→ WHAT THE EXERCISE ASKS
The entries below contain pictures. Write out only the lines from the line with "Профессиональный шарнирный свечной" up to and including the line with "Glass pannels Big City Architecture", exactly, without them.

→ INFORMATION SUPPLIED
----------

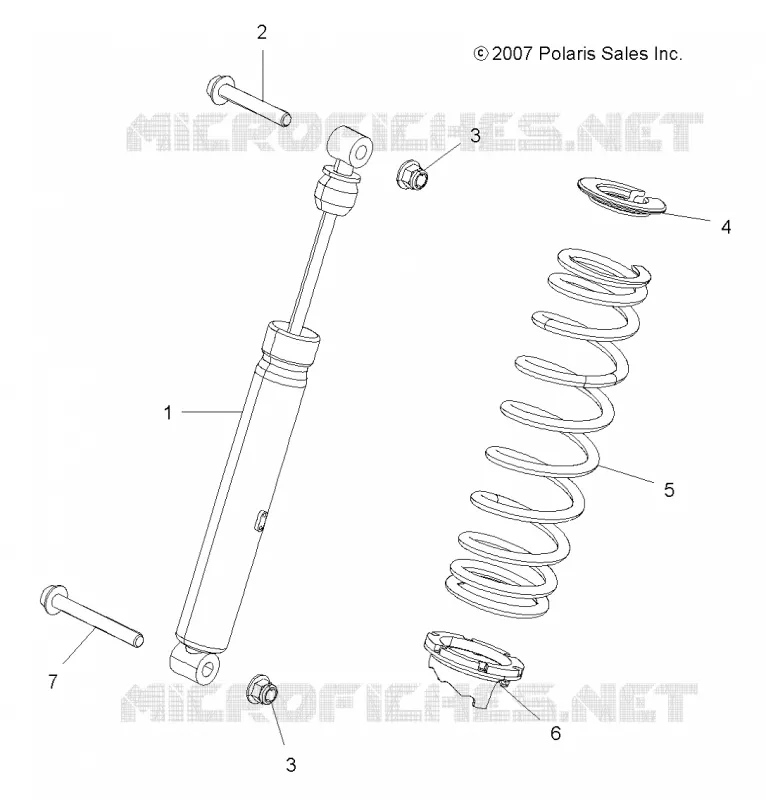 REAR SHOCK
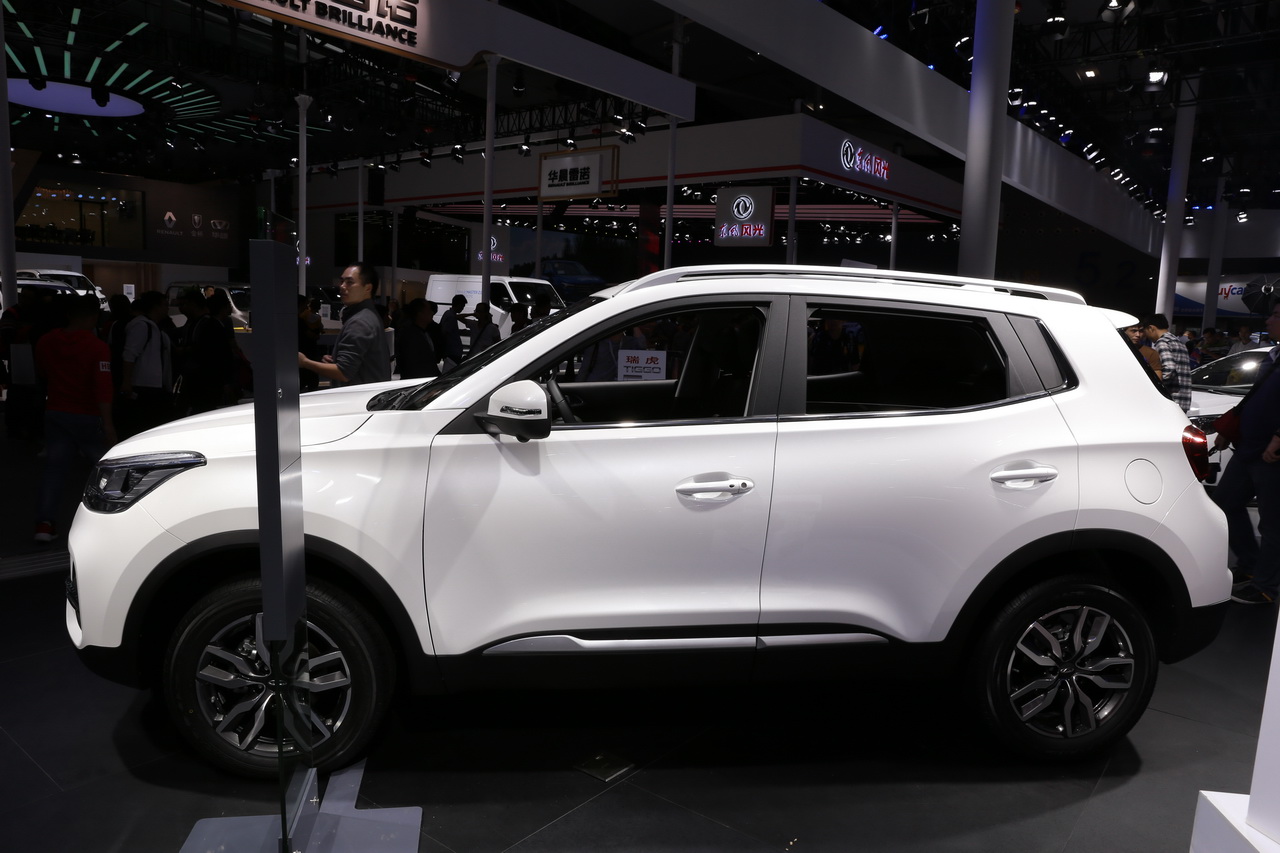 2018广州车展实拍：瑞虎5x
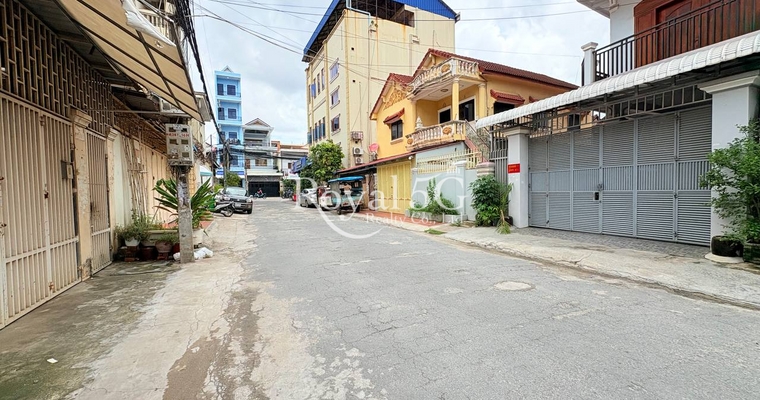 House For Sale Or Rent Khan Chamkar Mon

----------

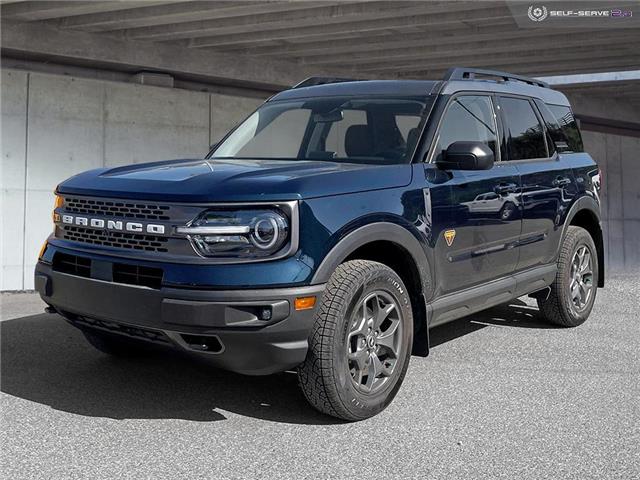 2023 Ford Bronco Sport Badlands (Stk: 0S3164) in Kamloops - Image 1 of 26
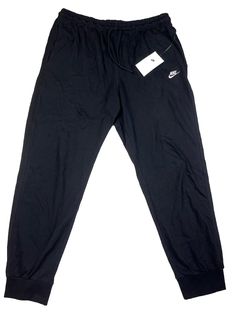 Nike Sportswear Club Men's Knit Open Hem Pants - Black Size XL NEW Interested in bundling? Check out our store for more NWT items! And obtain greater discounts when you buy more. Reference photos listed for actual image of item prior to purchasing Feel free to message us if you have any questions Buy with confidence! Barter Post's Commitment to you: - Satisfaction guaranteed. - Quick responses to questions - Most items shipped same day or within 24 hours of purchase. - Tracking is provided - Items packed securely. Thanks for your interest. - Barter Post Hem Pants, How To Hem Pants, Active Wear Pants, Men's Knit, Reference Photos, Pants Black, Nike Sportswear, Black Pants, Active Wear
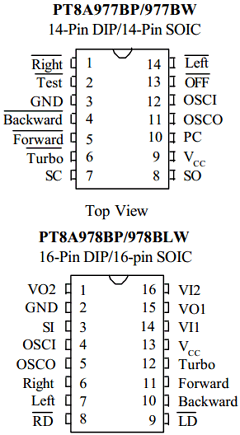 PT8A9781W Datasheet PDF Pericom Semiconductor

----------

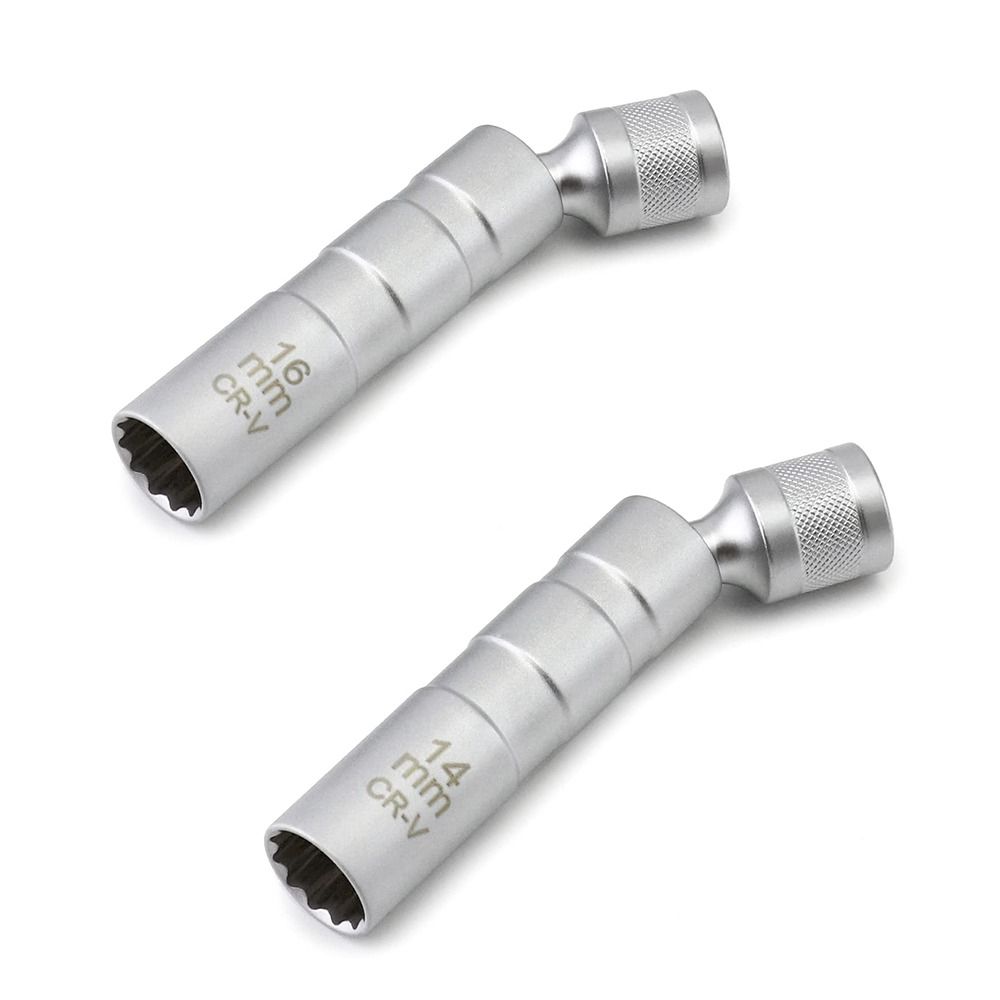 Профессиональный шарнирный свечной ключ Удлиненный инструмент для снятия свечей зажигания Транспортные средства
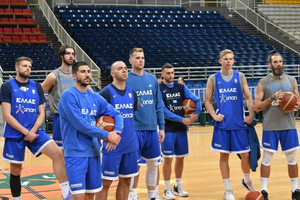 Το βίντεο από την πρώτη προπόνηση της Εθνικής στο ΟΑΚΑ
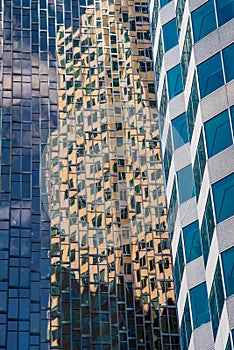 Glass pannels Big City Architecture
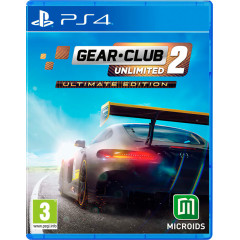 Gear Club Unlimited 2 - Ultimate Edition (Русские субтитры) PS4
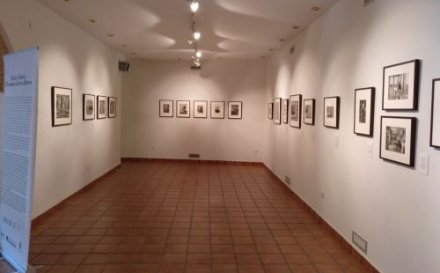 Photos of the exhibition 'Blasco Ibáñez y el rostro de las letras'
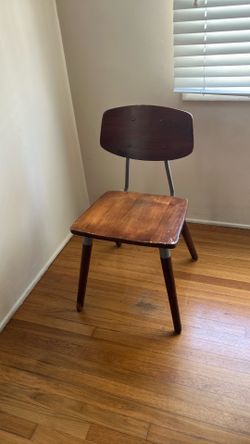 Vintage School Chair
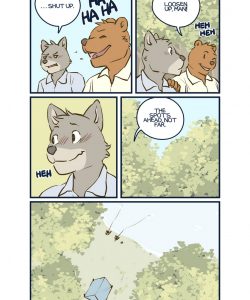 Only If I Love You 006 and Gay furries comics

----------

→ OUTPUT BELOW
 Профессиональный шарнирный свечной ключ Удлиненный инструмент для снятия свечей зажигания Транспортные средства
 Το βίντεο από την πρώτη προπόνηση της Εθνικής στο ΟΑΚΑ
 Glass pannels Big City Architecture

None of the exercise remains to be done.